Running errands can be tricky with any children, anytime. I like to be efficient and purposeful when getting things done, and kids don’t really work that way. I recently had a high need for food and more and ended up taking my two youngest to town, including my son who is blind.

Eddie sitting outside at a table eating a brownie with a dog drooling over the food in the background

We started at a bakery due to gathering Mother’s Day treats for my pregnant sister, and it was a good excuse for baked goods. We found a parking space near the front, a manageable line, a gluten free brownie for my son, and an open table near a window. Eddie loved the snack and a dog passing by had to stop and drool too. We then headed to the mall.

The mall was a challenge; loud, unpredictable places always seem to be. After about a good hour of putting up with shopping, Eddie was ready for some down time. We headed to my sisters, with her treats in hand, and I decided to leave the kids with her while making the dreaded Saturday run to the grocery store.

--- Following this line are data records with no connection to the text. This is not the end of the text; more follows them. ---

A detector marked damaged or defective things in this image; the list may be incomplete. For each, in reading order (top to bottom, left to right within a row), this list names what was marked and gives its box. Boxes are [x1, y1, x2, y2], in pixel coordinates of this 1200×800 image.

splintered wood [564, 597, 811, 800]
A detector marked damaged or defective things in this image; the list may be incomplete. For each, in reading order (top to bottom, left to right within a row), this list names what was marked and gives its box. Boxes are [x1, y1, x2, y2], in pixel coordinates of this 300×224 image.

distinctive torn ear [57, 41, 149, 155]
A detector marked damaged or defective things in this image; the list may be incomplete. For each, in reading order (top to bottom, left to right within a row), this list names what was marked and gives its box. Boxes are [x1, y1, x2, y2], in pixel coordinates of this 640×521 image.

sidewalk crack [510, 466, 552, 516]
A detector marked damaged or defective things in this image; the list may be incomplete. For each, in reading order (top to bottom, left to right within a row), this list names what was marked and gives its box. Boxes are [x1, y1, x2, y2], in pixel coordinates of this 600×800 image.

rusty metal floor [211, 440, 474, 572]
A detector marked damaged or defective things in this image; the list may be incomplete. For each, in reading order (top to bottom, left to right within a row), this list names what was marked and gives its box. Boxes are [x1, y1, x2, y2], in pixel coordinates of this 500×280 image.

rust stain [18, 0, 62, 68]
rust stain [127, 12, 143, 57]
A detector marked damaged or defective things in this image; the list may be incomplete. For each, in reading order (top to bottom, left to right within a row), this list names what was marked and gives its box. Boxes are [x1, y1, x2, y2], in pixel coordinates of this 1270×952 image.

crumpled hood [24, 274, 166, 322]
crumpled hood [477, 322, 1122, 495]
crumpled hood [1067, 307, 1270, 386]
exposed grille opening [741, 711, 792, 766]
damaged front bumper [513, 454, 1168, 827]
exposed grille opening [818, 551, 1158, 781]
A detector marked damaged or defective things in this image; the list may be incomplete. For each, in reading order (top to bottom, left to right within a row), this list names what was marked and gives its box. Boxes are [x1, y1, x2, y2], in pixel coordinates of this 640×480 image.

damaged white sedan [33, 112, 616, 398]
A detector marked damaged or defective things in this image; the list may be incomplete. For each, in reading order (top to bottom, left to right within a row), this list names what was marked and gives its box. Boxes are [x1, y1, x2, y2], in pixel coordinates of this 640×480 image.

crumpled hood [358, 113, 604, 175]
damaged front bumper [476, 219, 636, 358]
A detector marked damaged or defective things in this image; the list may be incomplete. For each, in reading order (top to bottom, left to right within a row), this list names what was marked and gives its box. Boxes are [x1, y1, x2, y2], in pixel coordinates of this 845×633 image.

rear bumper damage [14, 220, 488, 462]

Afterwards, I gathered the kids and headed home when I quickly realized I’d forgotten cabbage. I tried to tell myself it’s only cabbage. The additional store stop probably wasn’t worth it. But, I was making pulled pork sliders, and the thought of them without homemade coleslaw was almost unbearable.

Was it worth unloading the kids? Was it worth pushing them when they were already tired of errands and each other? Was it worth making an unplanned stop and throwing a wrench in our planned routine? Yes, I decided, yes it was.

While driving towards the store, I conjured up a plan. I made a big deal about forgetting cabbage and asked Eddie if he would help me. I said I had to stop by the store, and I was too tired to push the cart by myself. “Eddie, would you please help me,” I asked. Eddie quickly agreed and probably wondered why his Mom was SO lazy.

Eddie holding a bag of rolls while leaning on a grocery cart

The plan worked like a charm. Eddie happily pushed the cart while his sister grabbed the goods. We talked about the grocery store, the aisles we traversed, and the scents in the air. While waiting in line, Eddie checked out the conveyor belt moving the cabbage and had a surprise visit from his Grandma’s friend. We were in and out in under 15 minutes even with a bit of learning mixed in.

My grocery store/extra stop worries were unnecessary. Yes, it’s only a cabbage. A cabbage that happened to make my slider delicious, and a cabbage that proved I overthink everything.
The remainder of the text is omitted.